The Complexity of the Cell

The epiphany was gradual (and still occurring): the cell is wonderfully complex, or as my mind puts it “fucking awesomely complex”. Machine learning applied to gene expression data gives valuable insights into a complex system, but it’s really a messy snapshot. I think we’ll look at current pristine RNA-seq experiments in twenty years and we’ll realize they’re giving us an image into cellular activity that is akin to a photograph from a cheap Soviet-era camera.

Measuring gene expression from many cells glosses over interesting variation in each cell; this is certainly not a new complaint. However, even a single cell image is messy: mRNAs that make their way into gene expression values may have never been exported from the nucleus, they could have been degraded by the cell, silenced, undergone post translational modification, etc. What’s astounding is that these systems are not just complex, but are amazingly accurate. Cellular data is messy, but the cell certainly isn’t. Development is a prime example of how tightly regulated these processes are. It’s up to us to understand these tightly regulated systems with the messy images scientific data gives us. Machine learning is a necessary, but not sufficient tool to help us understand the cell.
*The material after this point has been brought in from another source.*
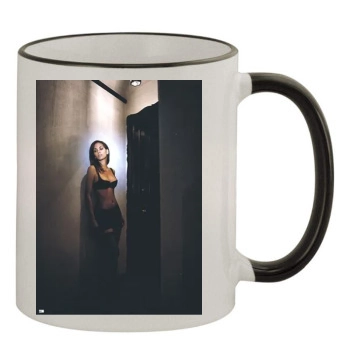 Halle Berry 11oz Colored Rim & Handle Mug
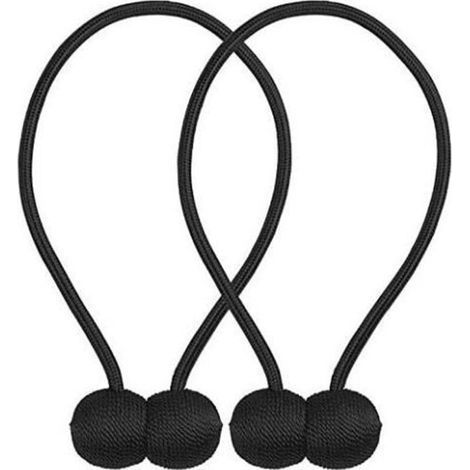 Magnetische Gardinenhalter – Schwarz – 2er-Pack – Kein Bohren erforderlich – Elegantes Design (1/4)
As an example, genes interact in groups, and many algorithms can gloss over this detail. If an algorithm tries to find a sparse set of genes that are biologically interesting to the problem at hand, it may be indifferent to which it includes from a set of co-expressed genes (consider the lasso against the elastic net here). If a biologist reviews these findings, they could easily miss something vastly important based on machine learning’s indifference.

Let’s Use Both.

These epiphanies are now what guides my path through biology and machine learning. I still love and am infatuated with machine learning (although, I much prefer the phrase statistical learning). However, if we wish to understand a complex system, we need to take the approach that modern biology does: leverage machine learning with a priori biological expert knowledge to bootstrap findings. We need to design experiments that also harness the power of machine learning to help us understand, and not just predict the behavior of complex systems. Applied machine learners need to realize the power of experimental data. Chances are if you’re finding everything you think is out there with just machine learning, you’re making a mistake or your problem is too simple.